Basically, this is a concept record that takes us from the "shade of the bloodless moon", around the solar system and back to eclipse the "sanguine sun". The lyrics are far more grandiose, fantastical and down right ridiculous than anything Peter Sinfield used his medieval fountain pen to inscribe for King Crimson circa In the Court of the Crimson King or In the Wake of Poseidon. The four songs join for a single poem, filled with awkward lines like "Borne away on winds I can’t rescind/on pleadings terse for eclipse reversed." Or how about, "I’m lulled to repose through echoes of the winters dim/ with veils disposed and light left passage in." Crafty? Maybe, but the words are so flowery that they cancel out any legitimate hidden meaning.

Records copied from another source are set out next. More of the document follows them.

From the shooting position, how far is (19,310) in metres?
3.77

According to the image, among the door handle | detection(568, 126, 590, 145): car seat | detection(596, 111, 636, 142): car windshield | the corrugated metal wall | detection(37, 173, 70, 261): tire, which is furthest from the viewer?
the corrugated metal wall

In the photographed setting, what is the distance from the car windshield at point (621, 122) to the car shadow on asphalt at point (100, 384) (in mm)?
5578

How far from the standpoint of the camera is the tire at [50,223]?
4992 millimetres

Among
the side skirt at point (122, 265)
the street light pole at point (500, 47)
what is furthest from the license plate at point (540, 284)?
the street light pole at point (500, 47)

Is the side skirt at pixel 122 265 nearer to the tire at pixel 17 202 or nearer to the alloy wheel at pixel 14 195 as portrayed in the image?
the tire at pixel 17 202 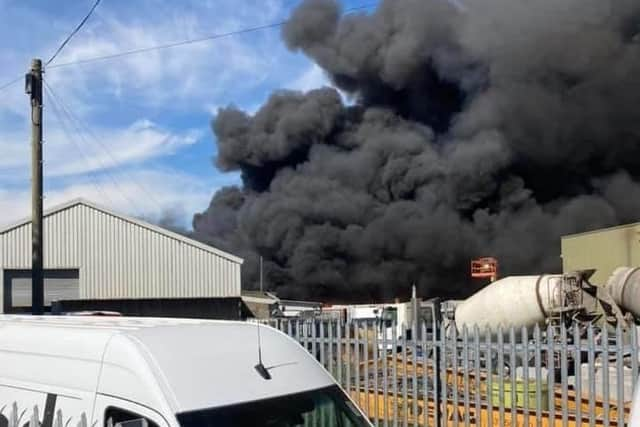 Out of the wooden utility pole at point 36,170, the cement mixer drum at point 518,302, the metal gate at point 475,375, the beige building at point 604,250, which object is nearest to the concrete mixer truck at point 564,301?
the cement mixer drum at point 518,302

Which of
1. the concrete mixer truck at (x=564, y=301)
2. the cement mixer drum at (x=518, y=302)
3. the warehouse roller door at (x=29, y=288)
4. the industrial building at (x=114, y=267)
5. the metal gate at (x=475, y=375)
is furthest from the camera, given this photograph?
the industrial building at (x=114, y=267)

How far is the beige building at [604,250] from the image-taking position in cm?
1991

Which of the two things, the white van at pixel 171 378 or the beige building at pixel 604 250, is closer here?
the white van at pixel 171 378

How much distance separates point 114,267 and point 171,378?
22424mm

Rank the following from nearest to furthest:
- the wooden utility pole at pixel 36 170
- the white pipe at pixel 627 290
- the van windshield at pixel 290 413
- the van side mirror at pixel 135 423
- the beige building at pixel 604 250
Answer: the van side mirror at pixel 135 423
the van windshield at pixel 290 413
the wooden utility pole at pixel 36 170
the white pipe at pixel 627 290
the beige building at pixel 604 250

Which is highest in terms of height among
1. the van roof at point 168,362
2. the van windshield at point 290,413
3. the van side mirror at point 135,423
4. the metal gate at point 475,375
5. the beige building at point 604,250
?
the beige building at point 604,250

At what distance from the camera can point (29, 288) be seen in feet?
76.4

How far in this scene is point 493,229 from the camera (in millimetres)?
36062

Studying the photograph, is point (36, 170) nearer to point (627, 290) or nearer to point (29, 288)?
point (627, 290)

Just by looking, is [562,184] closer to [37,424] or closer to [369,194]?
[369,194]

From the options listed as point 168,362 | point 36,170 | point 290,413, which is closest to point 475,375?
point 290,413

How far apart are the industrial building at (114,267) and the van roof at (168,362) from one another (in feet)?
67.8

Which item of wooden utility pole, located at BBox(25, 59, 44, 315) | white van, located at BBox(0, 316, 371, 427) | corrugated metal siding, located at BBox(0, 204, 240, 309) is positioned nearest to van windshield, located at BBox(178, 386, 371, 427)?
white van, located at BBox(0, 316, 371, 427)

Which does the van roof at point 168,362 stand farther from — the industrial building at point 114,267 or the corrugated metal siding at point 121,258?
the corrugated metal siding at point 121,258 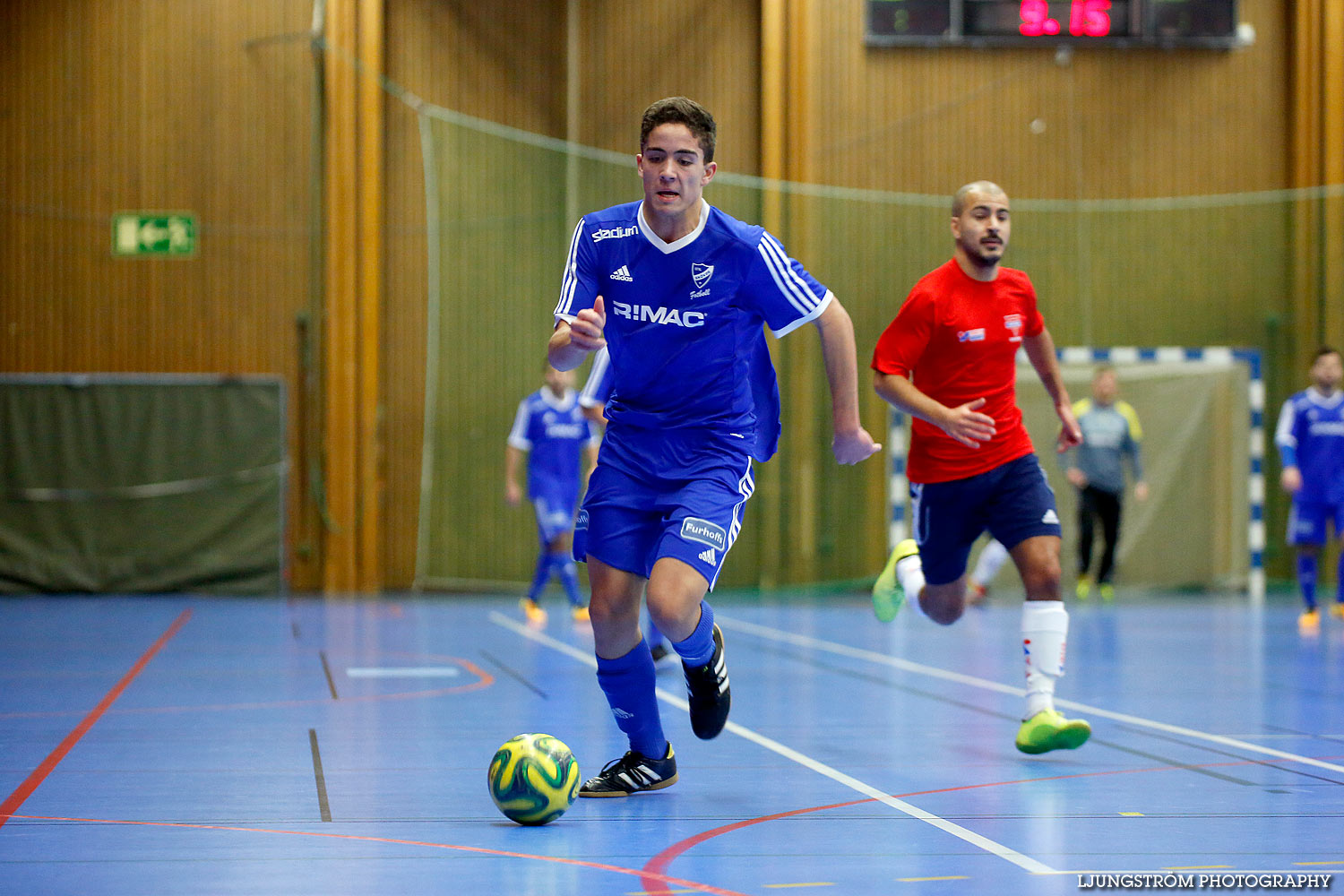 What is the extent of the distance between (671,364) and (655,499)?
15.8 inches

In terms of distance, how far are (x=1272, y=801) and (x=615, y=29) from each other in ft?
42.9

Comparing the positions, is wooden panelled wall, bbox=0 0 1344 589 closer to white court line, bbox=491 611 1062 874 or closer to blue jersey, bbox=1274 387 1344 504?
blue jersey, bbox=1274 387 1344 504

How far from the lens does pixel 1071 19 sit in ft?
50.8

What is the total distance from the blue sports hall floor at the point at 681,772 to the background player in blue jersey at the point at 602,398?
1.10ft

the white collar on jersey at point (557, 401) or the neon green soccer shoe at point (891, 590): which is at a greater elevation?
the white collar on jersey at point (557, 401)

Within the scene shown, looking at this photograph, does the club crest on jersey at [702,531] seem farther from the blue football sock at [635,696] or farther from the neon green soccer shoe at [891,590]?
the neon green soccer shoe at [891,590]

With that behind us, we can get to the positive ways in which Midsummer compare to King Crimson, Sigur Rós or Sunny Day Real Estate. Like the latter groups, Midsummer play a contemporary brand of fantastical progressive rock, full of mystery and emotion, and they do it with conviction. The first song (Unfortunately, the songs are named only by pictures of the sun in different states of eclipse, and I'm no astronomer) launches the EP in a sea of orchestral e-bows, and slowly builds over the course of six minutes with pianos, slide guitar and monk-like choirs, until the drums finally kick in and the song slowly fades away in a sleepy stomp. The second song opens in Sunny Day style, smoothly exploding over quickly pattered drums, while busy, melodic guitars soaring over the vocals. After a series of dynamic crescendos and lulls, the whole piece collapses nicely into a minor longing string movement, then builds uneasily into an urgently strummed counter-melodic outro. For the final two songs -- or shall I say epic journeys? -- Midsummer continue to use this successfully vibrant formula, wherein cellos, bells, and melodic acoustic guitars emerge from within heavenly choruses and walls of Sigur Rós-like noise, and dreamy guitars swarm around distant pianos and disjointed drumbeats, making for quite an impressive "Tarry through time’s reaction," if you know what I mean.

As you can guess from the lyrics, Moon Shadow is an epic and ambitious fairy tale, except that its story could easily be told by the music alone. Luckily for me, more than half of the album is purely instrumental.

There are many exciting directions Midsummer could pursue in the future. Perhaps they could sing in Icelandic... But please, whatever you do, Midsummer, don’t let Adrian Belew join the band.